What is needed = Set down exactly, from the records below, the line with "ΦΑΝΑΡΙ ΠΙΣΩ ΓΝΗΣΙΟ" through the line with "2015 Hyundai Sonata", and nothing else.

Material shown =
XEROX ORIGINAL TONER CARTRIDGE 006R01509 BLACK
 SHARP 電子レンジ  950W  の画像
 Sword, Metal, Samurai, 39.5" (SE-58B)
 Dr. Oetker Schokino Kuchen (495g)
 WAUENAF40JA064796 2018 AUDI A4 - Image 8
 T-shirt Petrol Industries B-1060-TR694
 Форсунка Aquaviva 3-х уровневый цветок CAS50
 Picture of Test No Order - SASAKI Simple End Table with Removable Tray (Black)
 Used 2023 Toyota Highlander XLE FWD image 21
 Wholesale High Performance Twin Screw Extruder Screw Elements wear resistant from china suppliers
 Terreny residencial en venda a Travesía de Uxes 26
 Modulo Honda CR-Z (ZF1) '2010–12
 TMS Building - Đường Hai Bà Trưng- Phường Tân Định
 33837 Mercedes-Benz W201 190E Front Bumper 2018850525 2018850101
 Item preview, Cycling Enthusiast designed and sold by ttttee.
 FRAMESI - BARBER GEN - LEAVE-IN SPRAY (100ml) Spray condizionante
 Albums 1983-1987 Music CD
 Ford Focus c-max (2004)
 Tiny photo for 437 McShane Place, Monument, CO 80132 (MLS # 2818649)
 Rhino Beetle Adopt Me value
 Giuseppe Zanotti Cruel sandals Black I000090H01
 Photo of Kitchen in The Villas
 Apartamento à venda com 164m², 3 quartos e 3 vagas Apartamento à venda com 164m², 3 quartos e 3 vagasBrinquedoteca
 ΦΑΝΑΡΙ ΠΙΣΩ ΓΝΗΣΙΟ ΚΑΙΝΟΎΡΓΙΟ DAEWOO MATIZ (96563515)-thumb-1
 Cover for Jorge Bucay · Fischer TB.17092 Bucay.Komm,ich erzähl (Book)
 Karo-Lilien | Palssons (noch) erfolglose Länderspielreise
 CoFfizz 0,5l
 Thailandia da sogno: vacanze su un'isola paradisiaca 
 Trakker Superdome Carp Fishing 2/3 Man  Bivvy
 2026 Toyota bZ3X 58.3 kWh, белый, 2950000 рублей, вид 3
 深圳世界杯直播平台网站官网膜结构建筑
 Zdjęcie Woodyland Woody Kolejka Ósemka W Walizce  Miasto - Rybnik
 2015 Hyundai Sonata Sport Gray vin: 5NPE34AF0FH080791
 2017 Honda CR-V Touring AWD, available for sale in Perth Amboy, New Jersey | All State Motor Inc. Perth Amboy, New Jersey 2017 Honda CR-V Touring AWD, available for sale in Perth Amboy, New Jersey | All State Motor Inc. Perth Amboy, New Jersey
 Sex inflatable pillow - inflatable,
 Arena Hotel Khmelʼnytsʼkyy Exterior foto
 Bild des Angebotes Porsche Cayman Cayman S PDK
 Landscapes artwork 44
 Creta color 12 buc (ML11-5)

Result =
 ΦΑΝΑΡΙ ΠΙΣΩ ΓΝΗΣΙΟ ΚΑΙΝΟΎΡΓΙΟ DAEWOO MATIZ (96563515)-thumb-1
 Cover for Jorge Bucay · Fischer TB.17092 Bucay.Komm,ich erzähl (Book)
 Karo-Lilien | Palssons (noch) erfolglose Länderspielreise
 CoFfizz 0,5l
 Thailandia da sogno: vacanze su un'isola paradisiaca 
 Trakker Superdome Carp Fishing 2/3 Man  Bivvy
 2026 Toyota bZ3X 58.3 kWh, белый, 2950000 рублей, вид 3
 深圳世界杯直播平台网站官网膜结构建筑
 Zdjęcie Woodyland Woody Kolejka Ósemka W Walizce  Miasto - Rybnik
 2015 Hyundai Sonata Sport Gray vin: 5NPE34AF0FH080791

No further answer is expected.